§ **PROBLEM**
Reproduce the listing exactly and skip over any pictures.

§ **DATA PROVIDED**

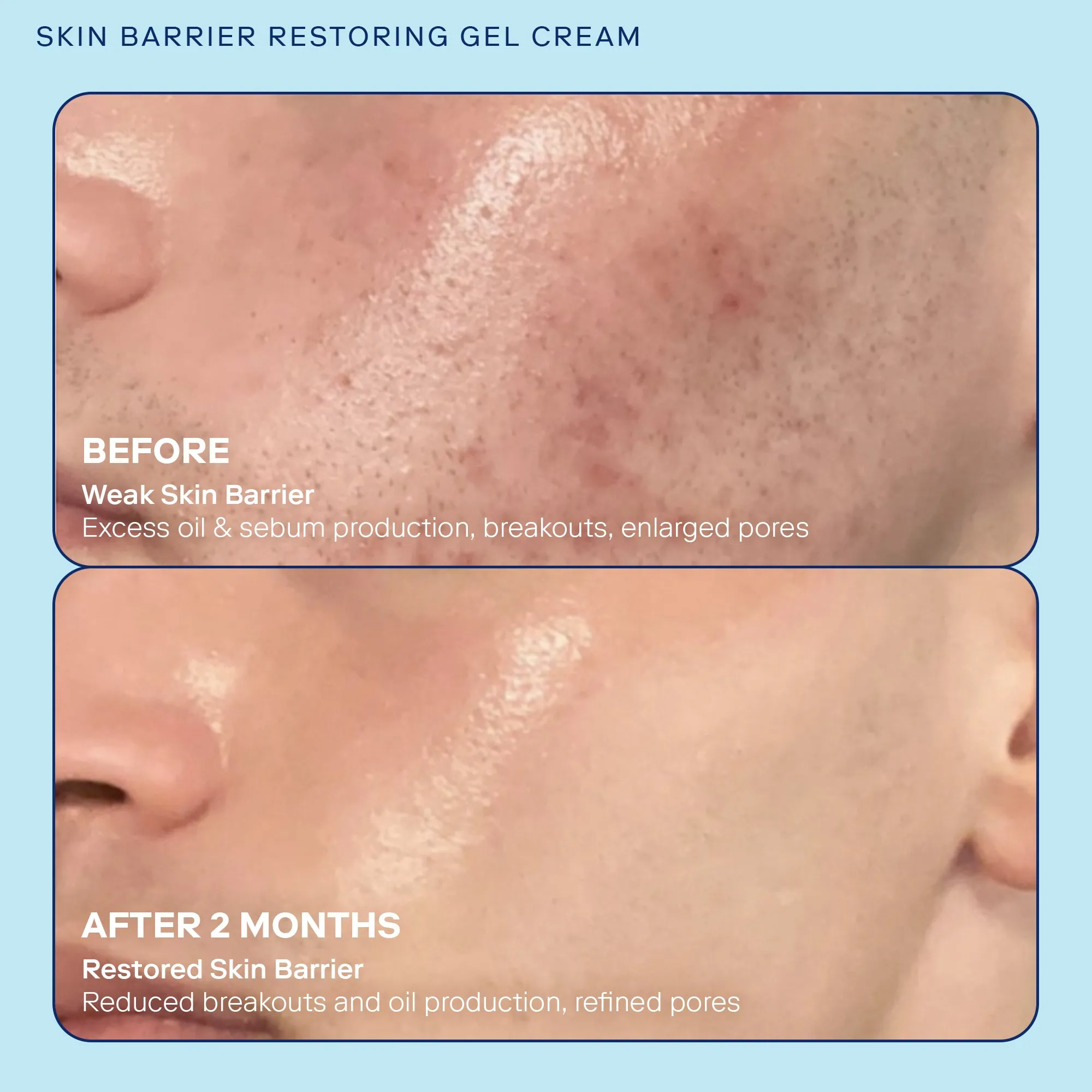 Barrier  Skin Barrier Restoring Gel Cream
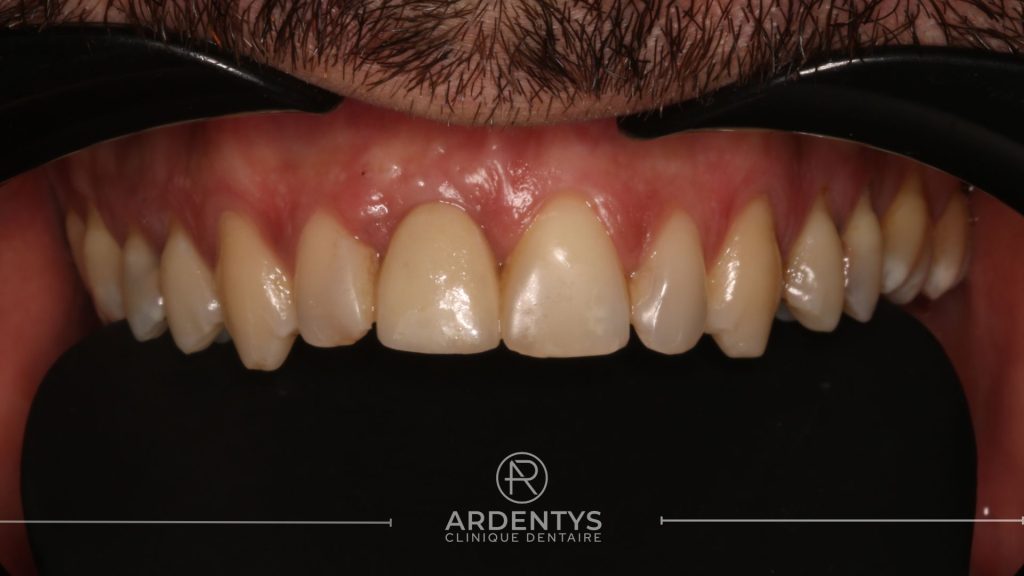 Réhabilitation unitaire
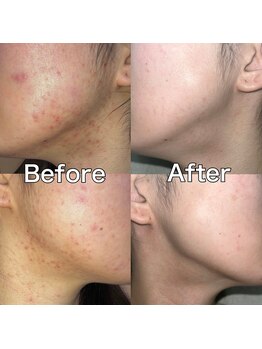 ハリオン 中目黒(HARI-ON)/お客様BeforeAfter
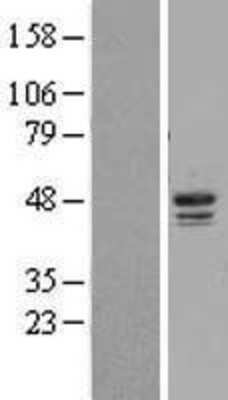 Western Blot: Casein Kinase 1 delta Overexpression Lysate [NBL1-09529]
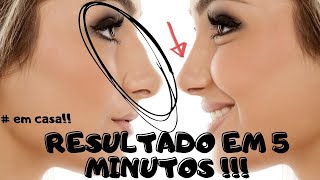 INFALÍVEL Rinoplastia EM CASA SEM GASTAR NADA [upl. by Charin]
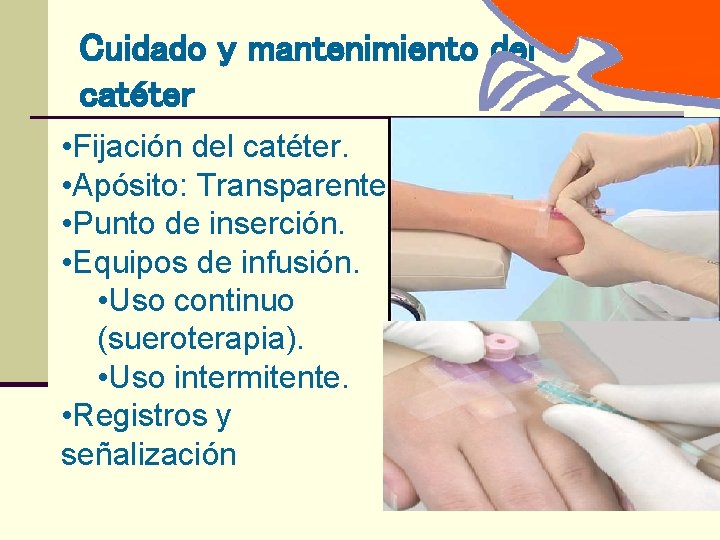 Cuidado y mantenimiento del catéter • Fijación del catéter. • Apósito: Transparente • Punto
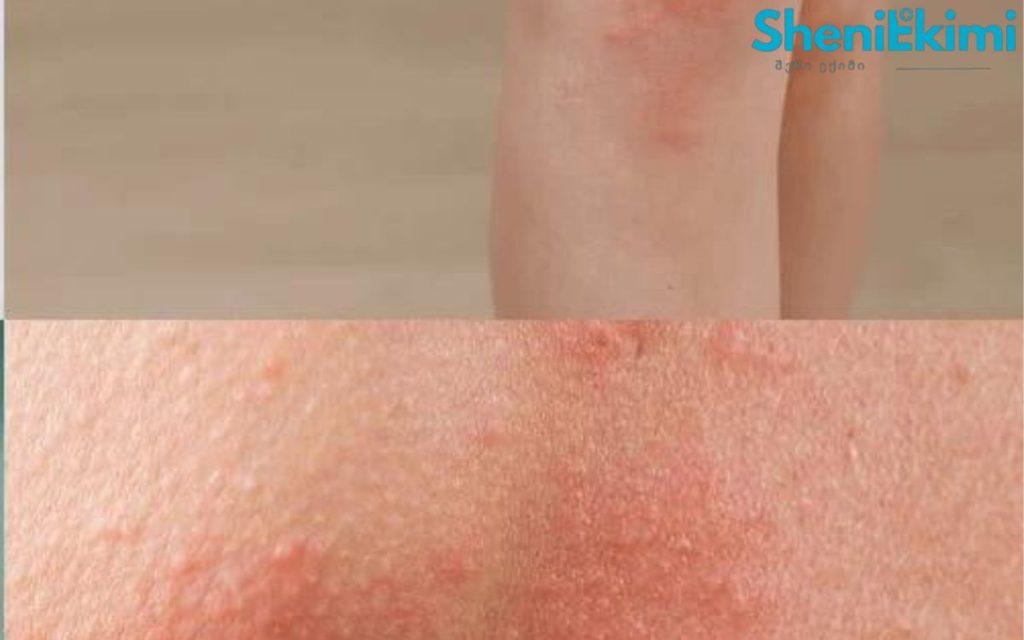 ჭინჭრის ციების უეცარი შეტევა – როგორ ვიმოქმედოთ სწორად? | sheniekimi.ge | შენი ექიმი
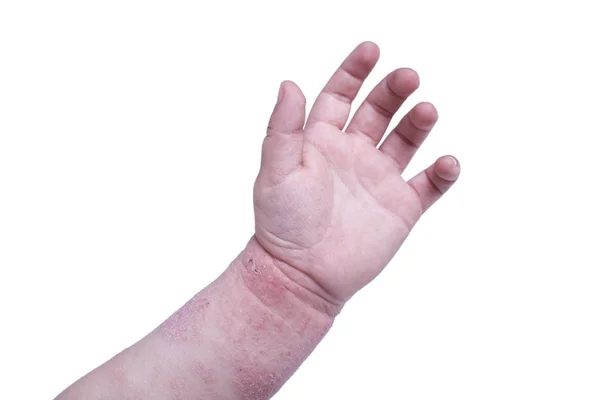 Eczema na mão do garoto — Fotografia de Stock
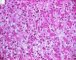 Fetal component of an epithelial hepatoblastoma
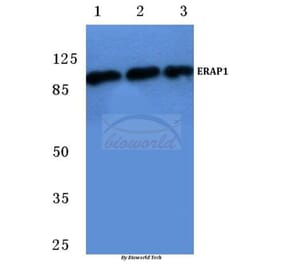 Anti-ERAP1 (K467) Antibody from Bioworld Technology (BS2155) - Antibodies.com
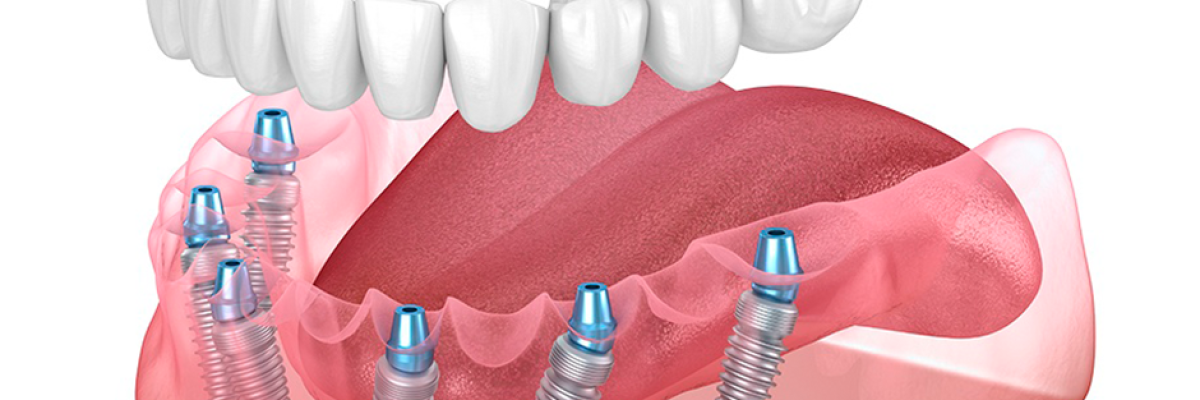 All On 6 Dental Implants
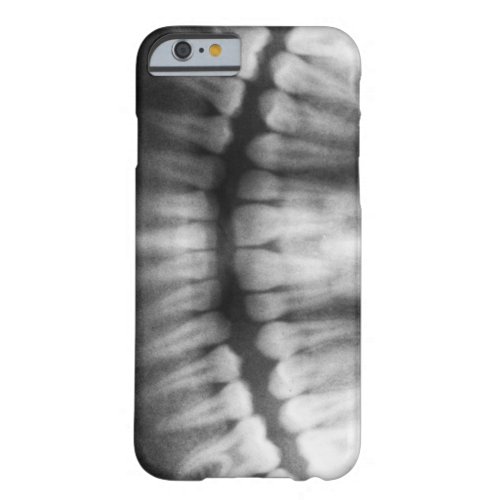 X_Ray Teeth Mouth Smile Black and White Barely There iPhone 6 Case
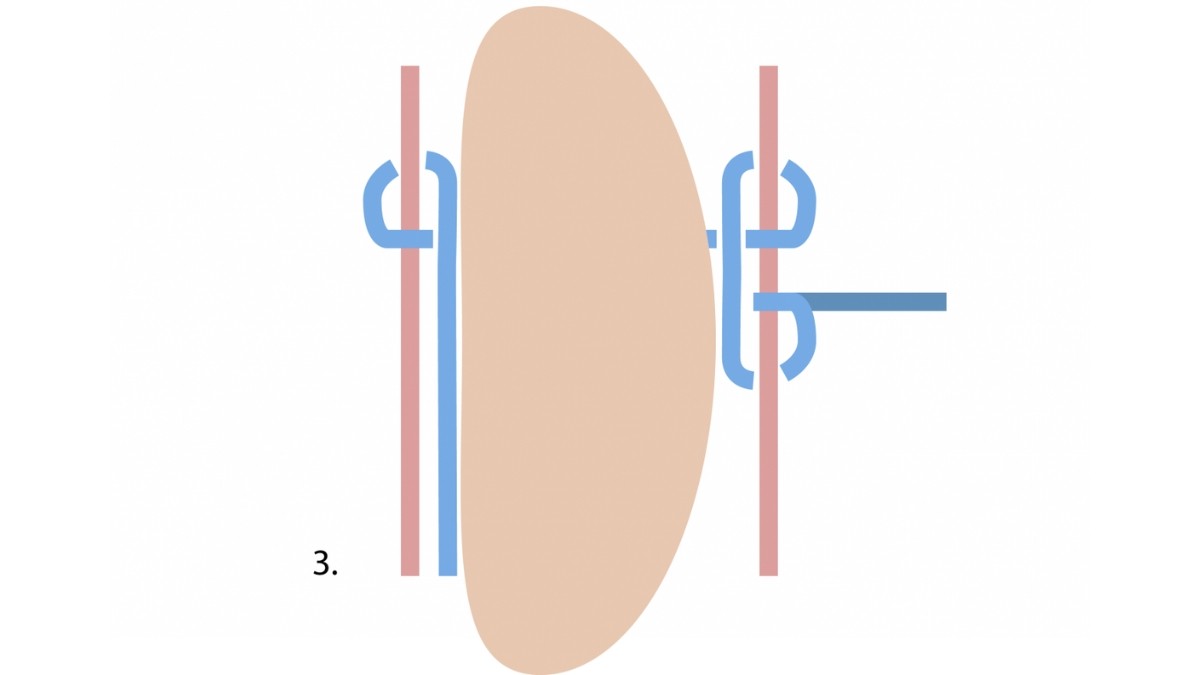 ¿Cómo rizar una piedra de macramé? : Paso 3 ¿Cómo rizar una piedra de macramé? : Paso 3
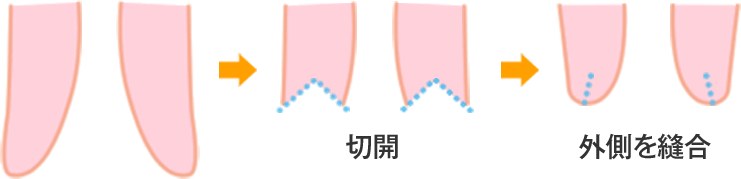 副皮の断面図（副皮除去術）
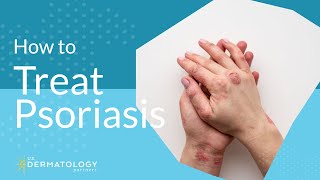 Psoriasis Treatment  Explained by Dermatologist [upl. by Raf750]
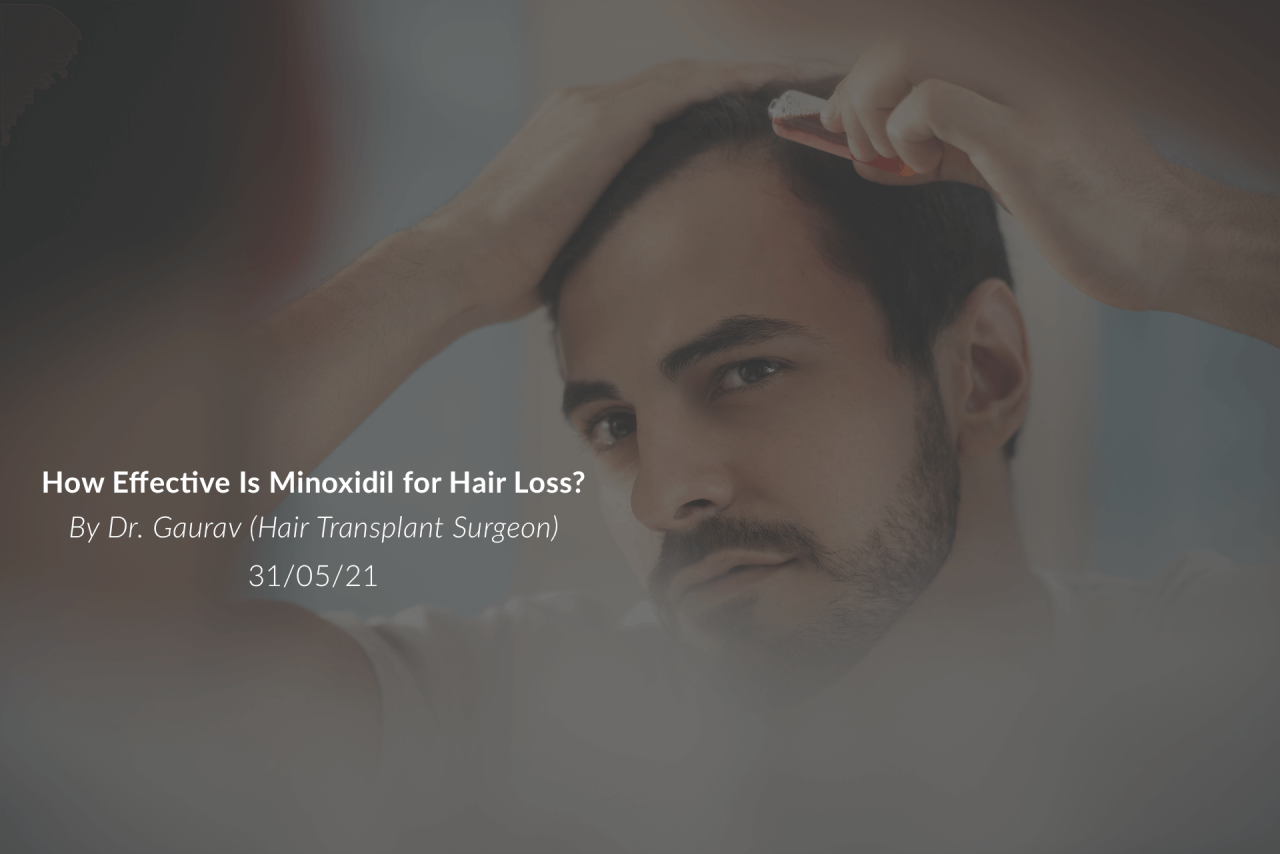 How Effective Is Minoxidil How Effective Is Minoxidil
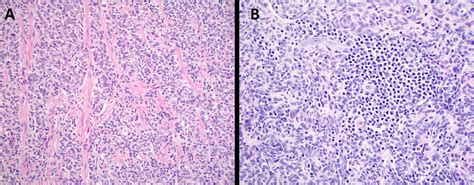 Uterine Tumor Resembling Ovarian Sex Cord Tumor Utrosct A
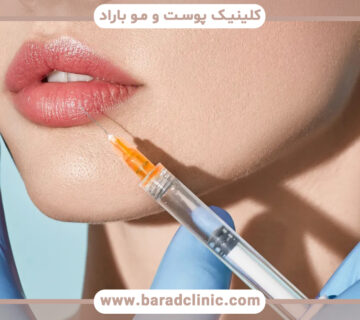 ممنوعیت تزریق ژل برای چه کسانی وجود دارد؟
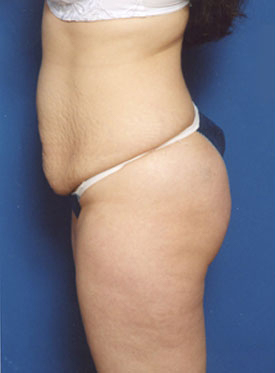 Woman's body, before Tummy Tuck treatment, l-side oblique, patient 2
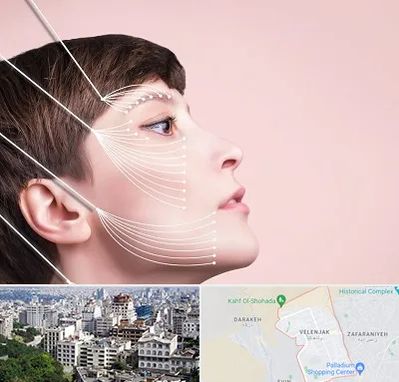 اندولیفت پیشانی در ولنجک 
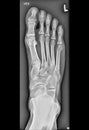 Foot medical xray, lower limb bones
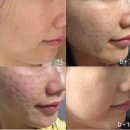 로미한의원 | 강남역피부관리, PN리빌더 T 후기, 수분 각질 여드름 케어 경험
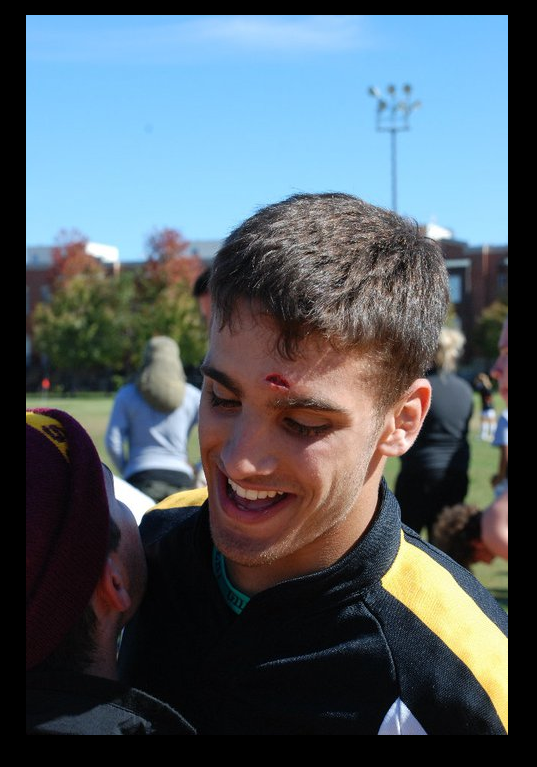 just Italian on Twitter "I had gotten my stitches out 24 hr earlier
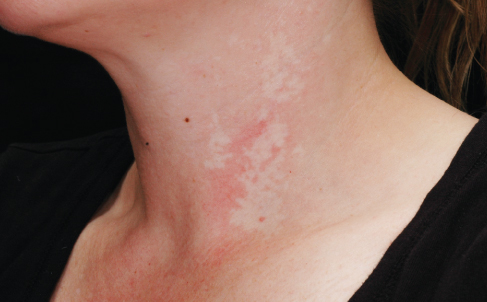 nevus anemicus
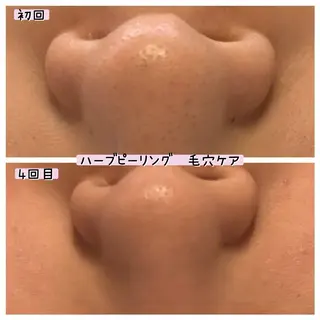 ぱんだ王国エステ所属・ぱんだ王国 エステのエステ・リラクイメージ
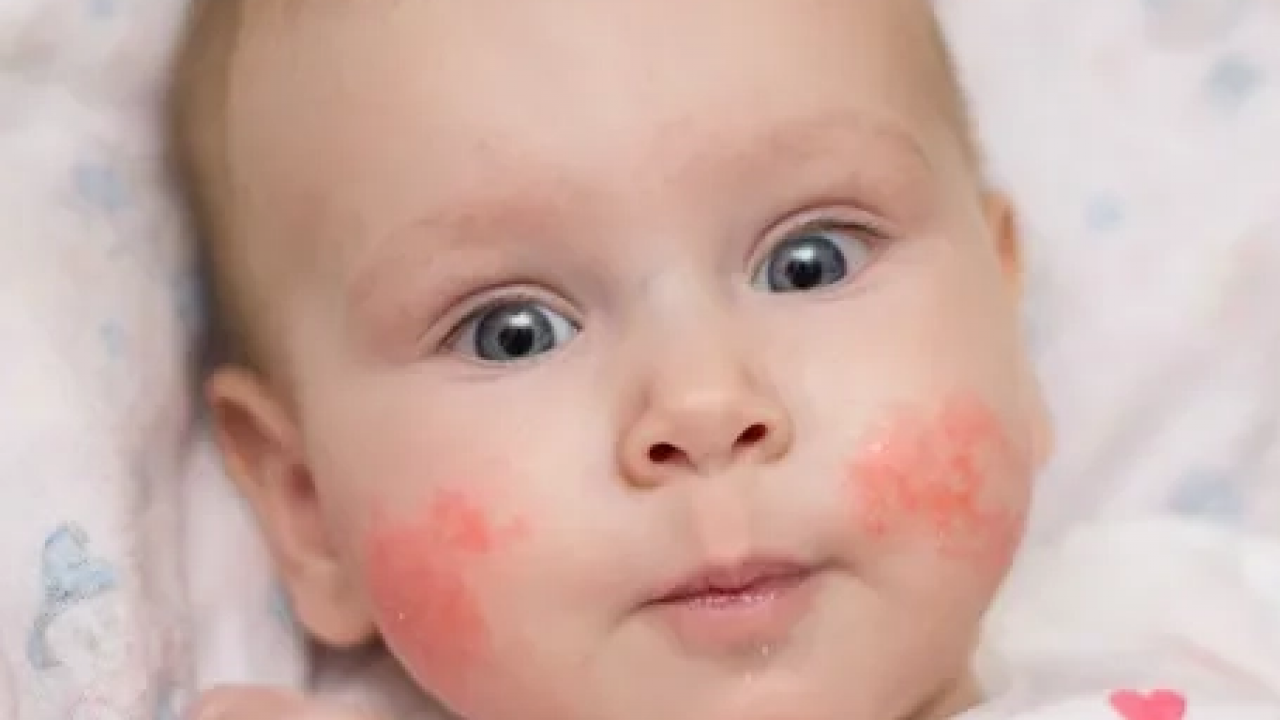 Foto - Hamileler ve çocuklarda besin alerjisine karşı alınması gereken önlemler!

§ **SOLVED PROBLEM**
 Barrier  Skin Barrier Restoring Gel Cream
 Réhabilitation unitaire
 ハリオン 中目黒(HARI-ON)/お客様BeforeAfter
 Western Blot: Casein Kinase 1 delta Overexpression Lysate [NBL1-09529]
 INFALÍVEL Rinoplastia EM CASA SEM GASTAR NADA [upl. by Charin]
 Cuidado y mantenimiento del catéter • Fijación del catéter. • Apósito: Transparente • Punto
 ჭინჭრის ციების უეცარი შეტევა – როგორ ვიმოქმედოთ სწორად? | sheniekimi.ge | შენი ექიმი
 Eczema na mão do garoto — Fotografia de Stock
 Fetal component of an epithelial hepatoblastoma
 Anti-ERAP1 (K467) Antibody from Bioworld Technology (BS2155) - Antibodies.com
 All On 6 Dental Implants
 X_Ray Teeth Mouth Smile Black and White Barely There iPhone 6 Case
 ¿Cómo rizar una piedra de macramé? : Paso 3 ¿Cómo rizar una piedra de macramé? : Paso 3
 副皮の断面図（副皮除去術）
 Psoriasis Treatment  Explained by Dermatologist [upl. by Raf750]
 How Effective Is Minoxidil How Effective Is Minoxidil
 Uterine Tumor Resembling Ovarian Sex Cord Tumor Utrosct A
 ممنوعیت تزریق ژل برای چه کسانی وجود دارد؟
 Woman's body, before Tummy Tuck treatment, l-side oblique, patient 2
 اندولیفت پیشانی در ولنجک 
 Foot medical xray, lower limb bones
 로미한의원 | 강남역피부관리, PN리빌더 T 후기, 수분 각질 여드름 케어 경험
 just Italian on Twitter "I had gotten my stitches out 24 hr earlier
 nevus anemicus
 ぱんだ王国エステ所属・ぱんだ王国 エステのエステ・リラクイメージ
 Foto - Hamileler ve çocuklarda besin alerjisine karşı alınması gereken önlemler!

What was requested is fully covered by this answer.